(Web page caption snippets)
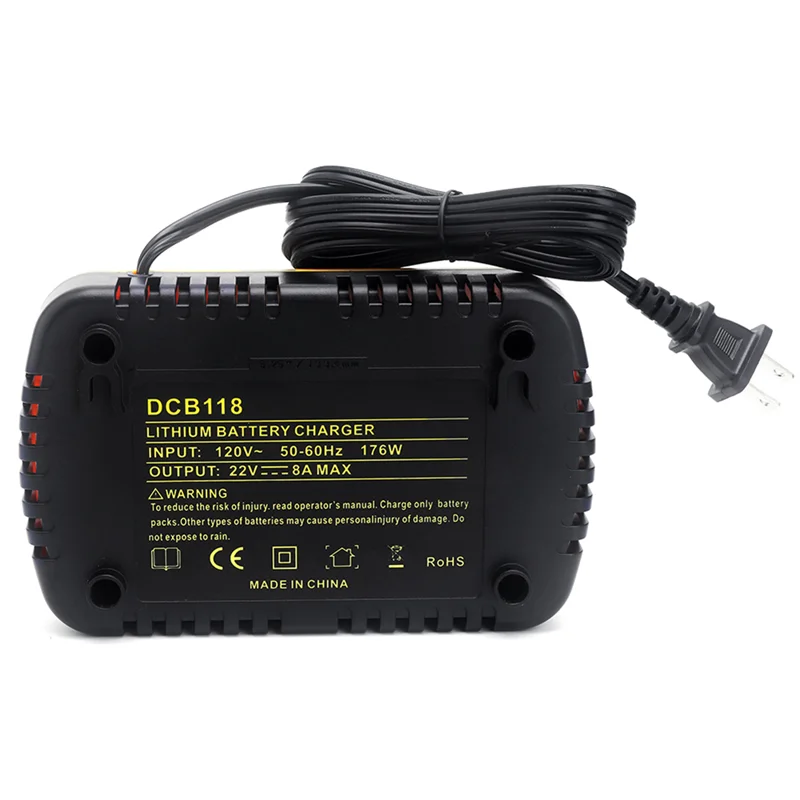 Imagem -03 - Carregador de Bateria para Bateria Dewalt Plug ue 10.8v 12v 14.4v 18v 20v Dcb200 Dcb101 Dcb115 Dcb107 Dcb105 Dcb140 Dcb118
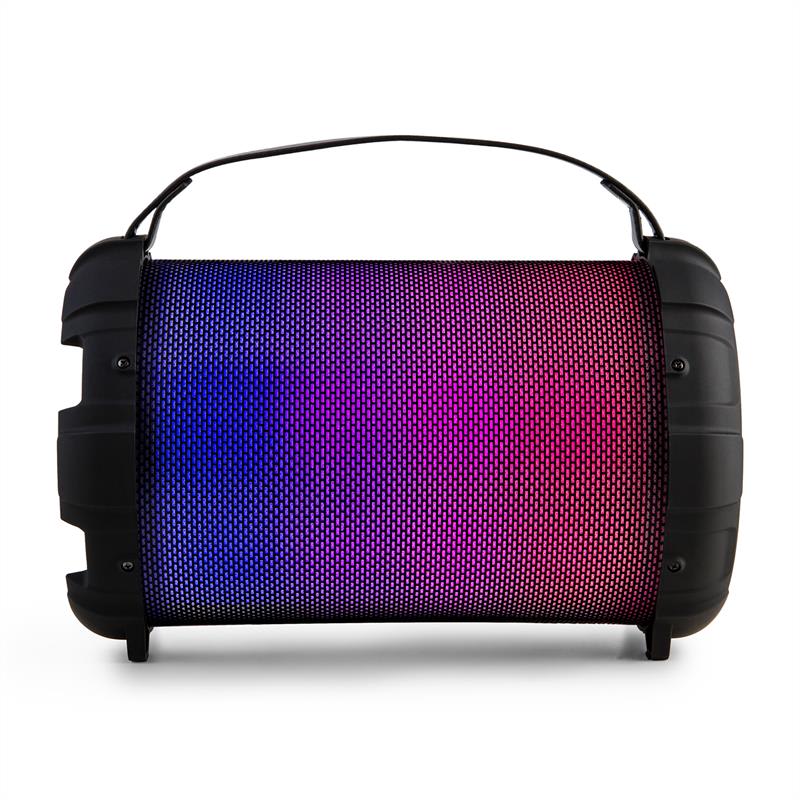 Auna Dr. Bang LED, čierny, 2.1-BT-reproduktor, 20 W, RMS, USB, mikro SD, UKW, AUX, akumulátor, LED – Obrázok 2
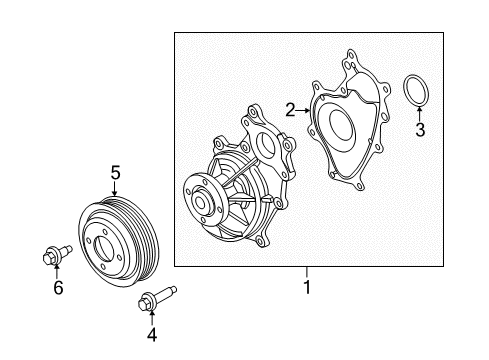 2017 Ford Mustang Water Pump Diagram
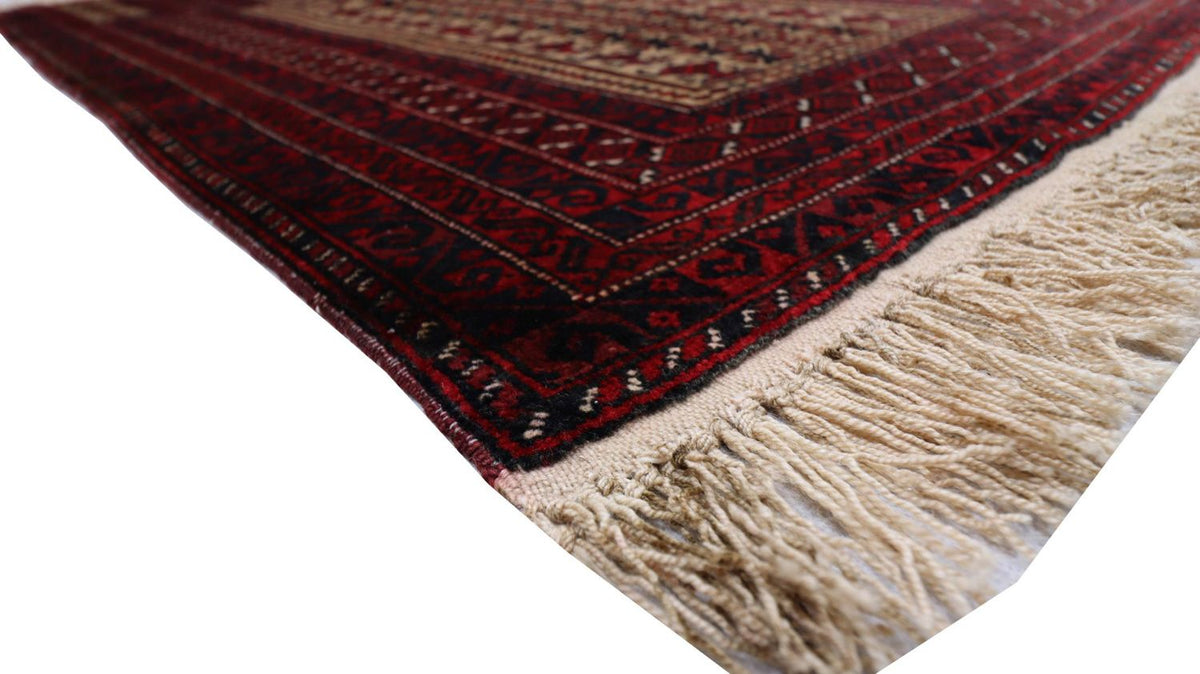 Belutsch Rug - 156 x 88 cm - dark red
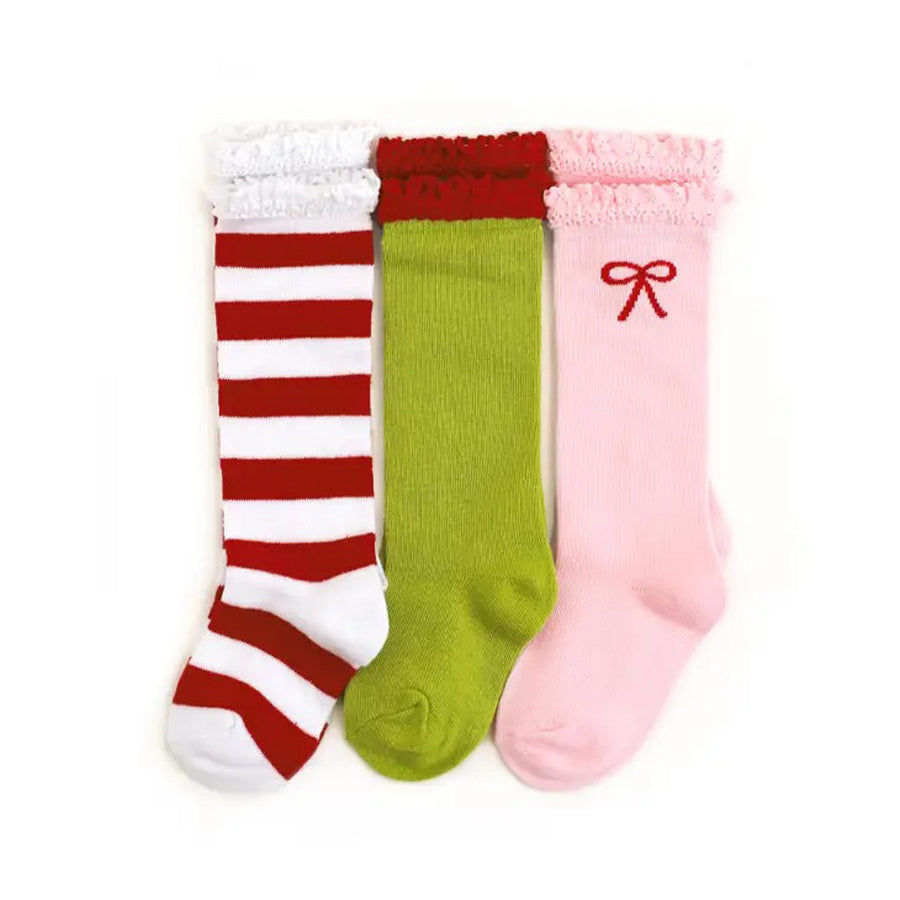 Cindy Lou Knee High Socks-SOCKS, TIGHTS & LEG WARMERS-Little Stocking Co.-Joannas Cuties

*Your goal*:
You need to restate all of the entries above exactly and leave the pictures behind.

*Task solution*:
 Imagem -03 - Carregador de Bateria para Bateria Dewalt Plug ue 10.8v 12v 14.4v 18v 20v Dcb200 Dcb101 Dcb115 Dcb107 Dcb105 Dcb140 Dcb118
 Auna Dr. Bang LED, čierny, 2.1-BT-reproduktor, 20 W, RMS, USB, mikro SD, UKW, AUX, akumulátor, LED – Obrázok 2
 2017 Ford Mustang Water Pump Diagram
 Belutsch Rug - 156 x 88 cm - dark red
 Cindy Lou Knee High Socks-SOCKS, TIGHTS & LEG WARMERS-Little Stocking Co.-Joannas Cuties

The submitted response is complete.